Harry resserra sa prise sur ses hanches.

« Je l'ai choisi. Et ton corps étalé sur moi c'était plus que suffisant. Prends ton temps, fais les choses à ton rythme, ne te force pas pour moi. Tu ne me dois rien et certainement pas une fellation si tu n'en a pas vraiment envie. »

Théo se rebella.

« Je veux te faire plaisir, » gronda le blond en se redressant pour regarder son amant dans les yeux. Harry souriait en lui remettant une mèche derrière l'oreille. Sur ce point Théo lui ressemblait, même s'il était Serpentard, le blond dans une relation prenait soin de son partenaire.

« Alors reste dans mes bras, ça me fait plus plaisir de te savoir collé à moi tendrement plutôt que tu tentes une fellation simplement pour me faire plaisir et pas nous faire plaisir. »

Théo souleva un sourcil.

« Je ne te suis pas. »

Harry lui caressait le dos.

« Hier soir je me suis occupé de toi pour te faire plaisir, parce que j'en avais envie, parce que ça me faisait aussi très plaisir. Pas par obligation, juste parce que te faire plaisir me fait plaisir. Si tu me fais une fellation ou autre, je veux que tu en retire toi aussi autant de plaisir que moi. »

Théo soupira en s'étalant sur le torse du brun. Dans le sexe pour le sexe c'était normal de rendre à l'autre ce qu'il avait fait. C'était presque une obligation et il devait avouer qu'il n'était pas fan de donner une fellation, mais le faisait. Parce que c'était comme ça, un échange. Harry, lui, ne le voyait pas de cette façon et ça le rassurait quelque part. S'il n'avait pas envie ou n'aimait pas... Il n'était pas obligé de le faire.

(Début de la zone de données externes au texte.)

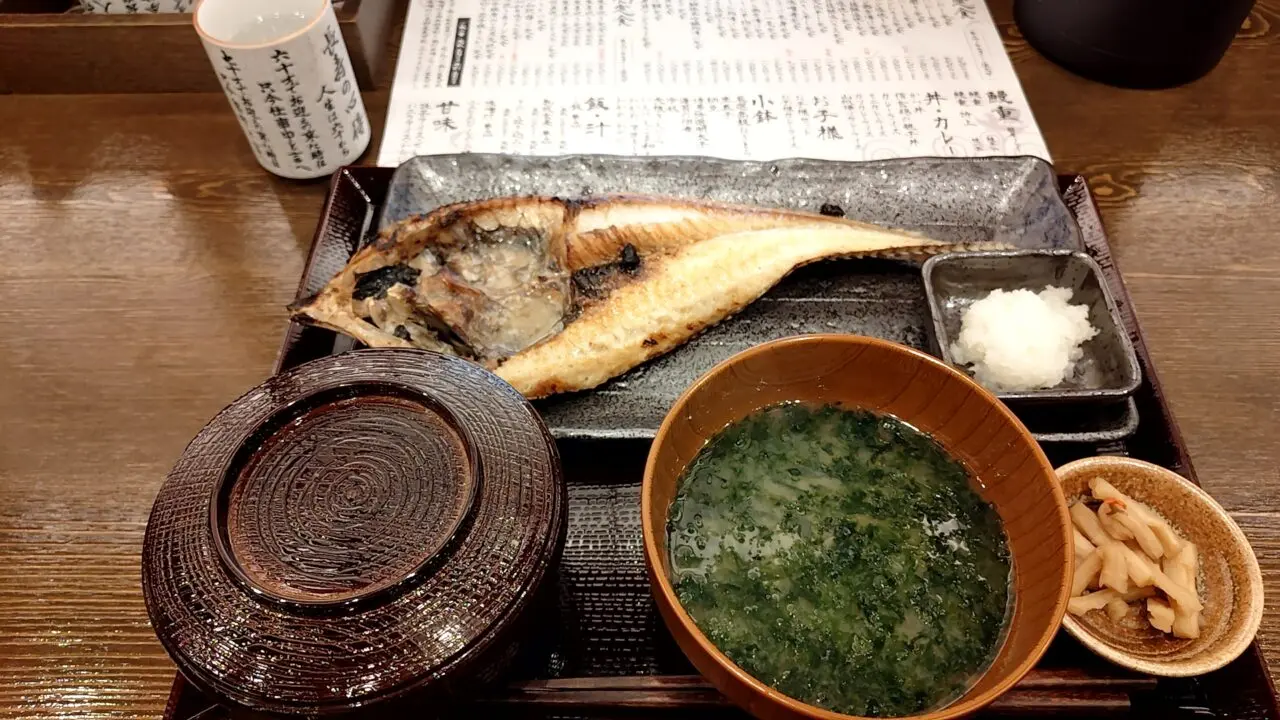 和めし処　しんぱち食堂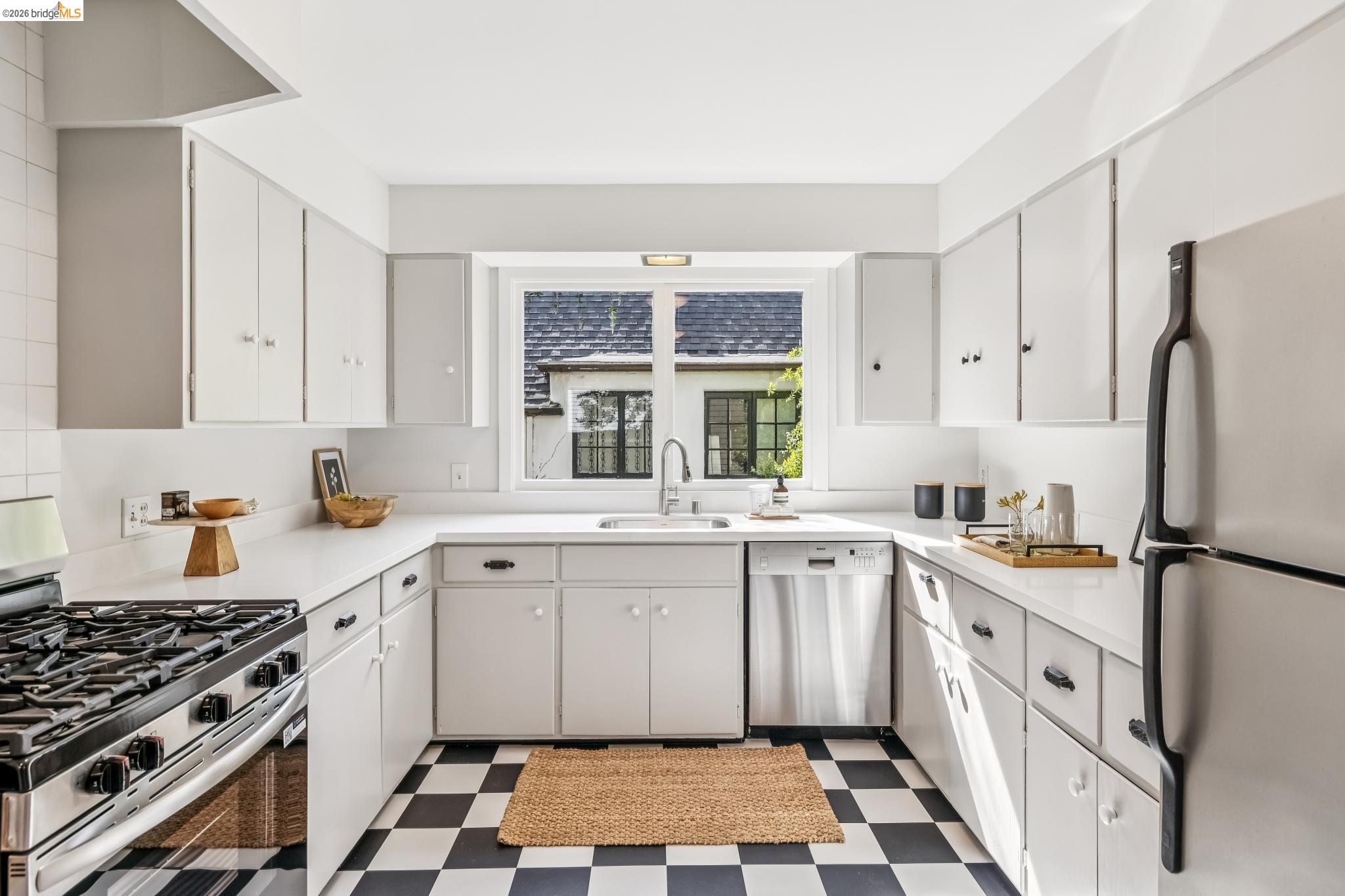 Detail Gallery Image 17 of 60 For 1715 Oakland Ave, Piedmont,  CA 94611 - 4 Beds | 2/2 Baths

Et moins il s'y sentait contraint plus il avait envie de juste lui faire plaisir pour se faire plaisir.

Mais il se contenta de rester dans ces bras ce matin-là. Ils auraient d'autres matins, d'autres soirées où il pourrait à loisir rendre à Harry son savoir et son plaisir.

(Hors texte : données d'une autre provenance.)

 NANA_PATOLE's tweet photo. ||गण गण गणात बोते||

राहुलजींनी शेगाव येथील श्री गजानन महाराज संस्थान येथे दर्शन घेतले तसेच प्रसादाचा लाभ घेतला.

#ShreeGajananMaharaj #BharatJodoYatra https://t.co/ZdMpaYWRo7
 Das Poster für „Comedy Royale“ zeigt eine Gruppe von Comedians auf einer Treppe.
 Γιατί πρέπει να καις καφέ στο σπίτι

La matinée coula doucement entre préparation du déjeuner et fainéantise dans les draps. Harry emmena Théo dans les quartiers moldus qu'il appréciait et main dans la main ils avaient passé une excellente après-midi. Le brun une glace à la fraise, le blond au chocolat dans la main.

Théo avait découvert tout un monde, avait posé des millions de questions, et Harry avec patience lui avait expliqué du mieux qu'il avait pu. L'électricité, les moyens de transports, la science et sa façon de soigner avec des médicaments...

« Théo, tu voudrais aller voir un match de quidditch ? Depuis que je suis sorcier, je n'ai jamais vu de vrai match officiel à part la coupe du monde. »

Théo le regardait avec le sourire.

« J'aime bien les matchs, mais ça dépend de quelle équipe tu veux aller voir. »

« Pas les Canons de Chudley, » ricana le brun, arrachant un rire et un sourire narquois à Théo.

OOOO

Depuis quelque temps Théo devenait à fleur de peau. Ho bien sûr personne ne le remarquait. Sauf peut-être Harry.

En fait ils étaient fâchés depuis la veille. Théo avait sorti à Harry des choses très cruelles et crues. Des mots qui avaient blessés Harry, mais avec la colère de la dispute il ne voyait pas qu'il avait été trop loin.

Harry était malheureux, enfermé dans son lit dans son dortoir.

Ron tapa le montant en bois. Harry soupira en le laissant entrer et refermer comme toujours avec un sort de silence.

« Holà, t'as une sale tronche et les yeux rouges. »

Harry roula des yeux.

« Il a rompu… »

Les larmes revenaient d'elles-mêmes et Harry les effaça de la manche. Ron lui tapotait l'épaule.

« Je suis désolé… »

« Je ne sais même pas pourquoi il m'a envoyé bouler comme ça. Il a hurlé que je ne faisais aucun effort… Que j'en voulais juste à son cul… »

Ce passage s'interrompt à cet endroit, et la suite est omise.